Attempting to auto-tune RANSAC

In my previous posts, I looked into the RANSAC algorithm. One thing I wondered about is, could the algorithm usage be made simpler by automatically tuning some of its input parameters? That is, rather than requiring the user to enter parameters, can we derive reasonable values for these parameters from the data? In this post, I will go over my first attempt. This was not a success, in that it did not produce immediately useful results, but it gave me a better understanding of the algorithm, and the process was interesting, so that’s what this post will focus on.

In the algorithm as described in Wikipedia, 2 parameters stand out in particular:

My thinking here was that, given a particular model, I should be able to derive these numbers from the data itself. t, the threshold value, is about how far predictions are from the correct value, something we can measure. d is about how many predictions should be close to their actual values overall. It is related to a different measure, the proportion of outliers. If I had, say, 20% of outliers in my sample, I would expect roughly 80% of my model predictions to be close to the correct value.

RANSAC assumes that you, the user, will input these values. What I wondered
about is, if all I had was a model and a dataset, how I would go about evaluating the value of d. Or, stated differently, could I estimate p(outliers), the proportion of outliers in a dataset?

Thought process

Let’s try, starting with clarifying some assumptions:

We can estimate a model using a very small random subset of the data. If we do so, 3 situations can occur:

Now if I knew p, I could compute the probability that a random sample of n observations is in Case 1, 2 or 3. Case 1 occurs if I pick inliners n times. Picking an inliner has a probability (1 - p) of occurring, so Case 1 has a probability of (1 - p) ^ n. Similarly Case 2 has a probability of p ^ n, and Case 2 is whatever is left.

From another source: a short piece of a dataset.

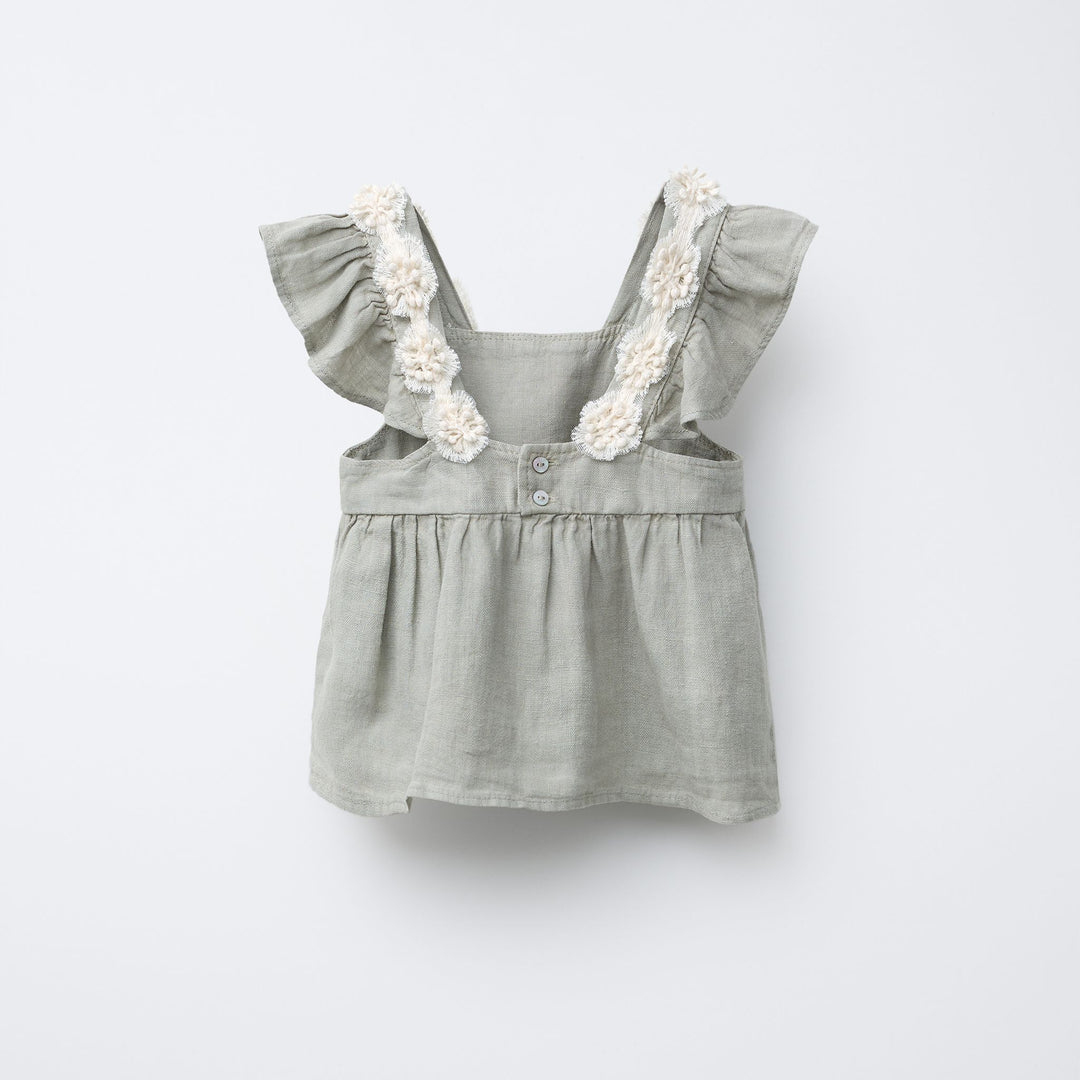 Moudda ZARA - Chemise Enfant - Twinset Lin & Passementerie (Ramadan) - Tunisie 2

Let’s illustrate on a concrete example, with p = 0.2 (20% outliers) and n = 3. In that case, the probability of Case 1 is 0.8 * 0.8 * 0.8 = 0.512: we picked a “good sample”, with no outlier, and the estimated model should be good. Conversely, with a probability of 1.0 - 0.512 = 0.488, we picked 1 or more outliers (Case 2 or 3), and the model we estimated should be a bad fit.

So far, so good. What can I do with that?

I could pick, say, 100 random samples of 3 data points (n = 3), and estimate 100 different model parameters. What I would expect then is that for about 51 of these samples I would have a good model (Case 1), and for 49 the estimated model would be contaminated by 1 or more outliers (Case 2 or 3). So, for about 51 samples, I would expect roughly 80% of the errors to be low, and 20% to be high (the outliers), whereas for the 49 “bad” samples I would expect mostly high errors.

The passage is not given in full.